Angry men who don’t feel connected to society, people who want to lash out at the haves that seem to own everything around them, and give nothing back. Fantasies of living the happy life, at being connected to the real world.

When the world gets crazier, the crazy start coming to the surface.

And so, JOKER is born.

I sat there at times bored by what was going on. I didn’t understand the reason for the film to exist. Is it because in 2016, the world decided to just hurl massive amounts of shit? I get the feeling that Todd Phillips thinks so. Judging from interviews and comments made in the aftermath of its seemingly bonkers win at Venice, he seems to have gotten it into his head that the world is broken. That he doesn’t fit in anymore.
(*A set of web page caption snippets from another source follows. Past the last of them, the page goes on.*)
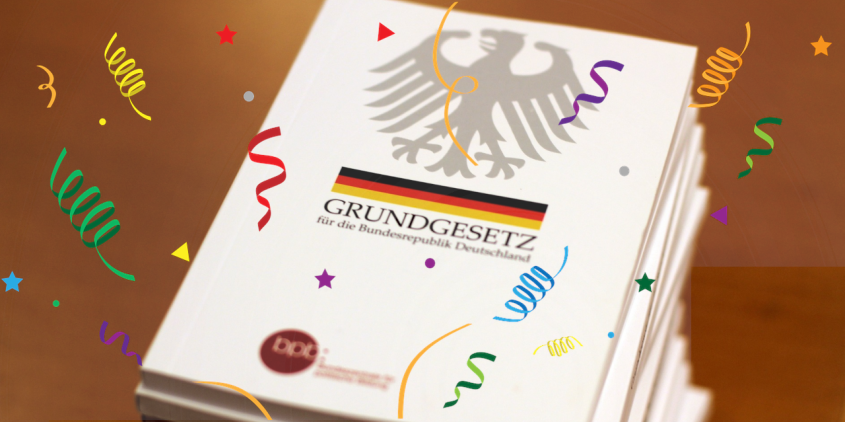 Ein stapel Grundgesetze mit Konfettigrafiken
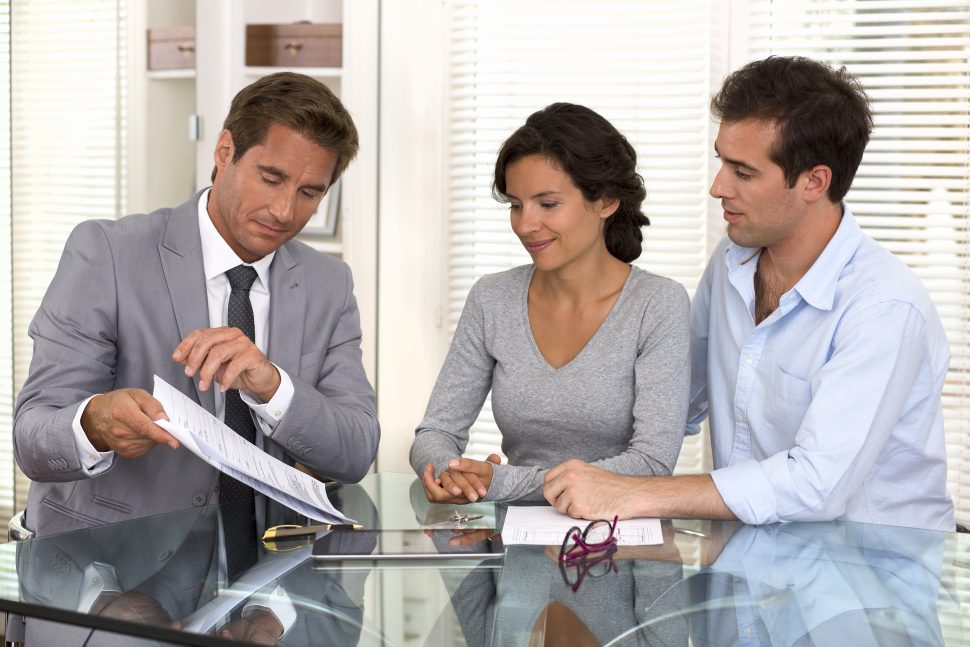 couple reviewing paperwork with an attorney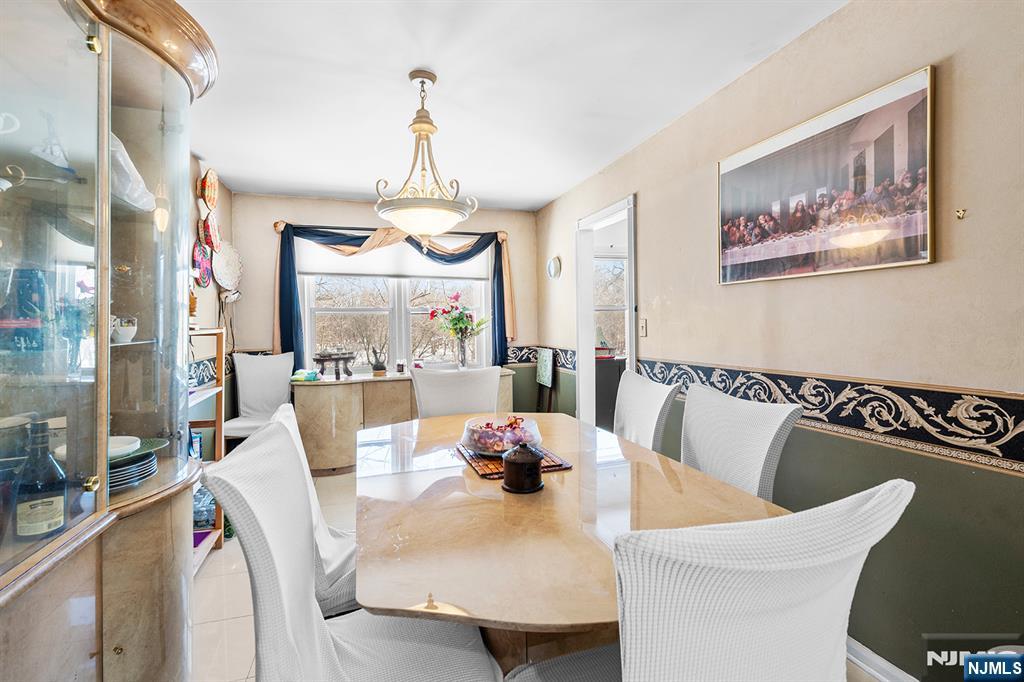 406 Kinderkamack Road River Edge, NJ 07661 - Photo 6 of 18 a view of a dining room with furniture a chandelier and wooden floor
The director of OLD SCHOOL (a film I legitimately enjoy) has lost his sense of humour. Or at least, the world has moved on from jacking off babies (THE HANGOVER).

His partner in crime is Joaquin Phoenix. An actor I adore. His performances in THE MASTER, HER and YOU WERE NEVER REALLY HERE are some of the best of the 21st Century. I admire his performance in this. His take on the iconic role is different enough to be unique. But what made The Joker so fascinating for me in his best screen appearence in THE DARK KNIGHT, was that he was a force of chaos. There was a damaged human being underneath that makeup, but Heath Ledger didn’t want to know that person, he was more interested in the chaotic ying to Batman’s yang.

And that I find is the issue with this Joker. Phoenix does not have a counter, the world is as crazy as he his. And it is less interesting when there isn’t a billionaire in a Bat costume fighting back.

I find myself to have been lucky enough to be sat next to a couple who revelled in every ‘shock’ moment. They gasped in excitement whenever a reference was made towards the Caped Crusader. The final scene, I could feel the excitement coming from them.

For me though, this was a DC Elseworlds Graphic Novel on screen. An alternate tale that isn’t vital. Even it it tries so hard to be.

If you were to find yourself wanting to see this, just watch Scorsese’s THE KING OF COMEDY, Lynne Ramsey’s YOU WERE NEVER REALLY HERE and Nolan’s THE DARK KNIGHT. You’d be better off with watching those 3, than the amalgamation that Todd Phillips has thrown together.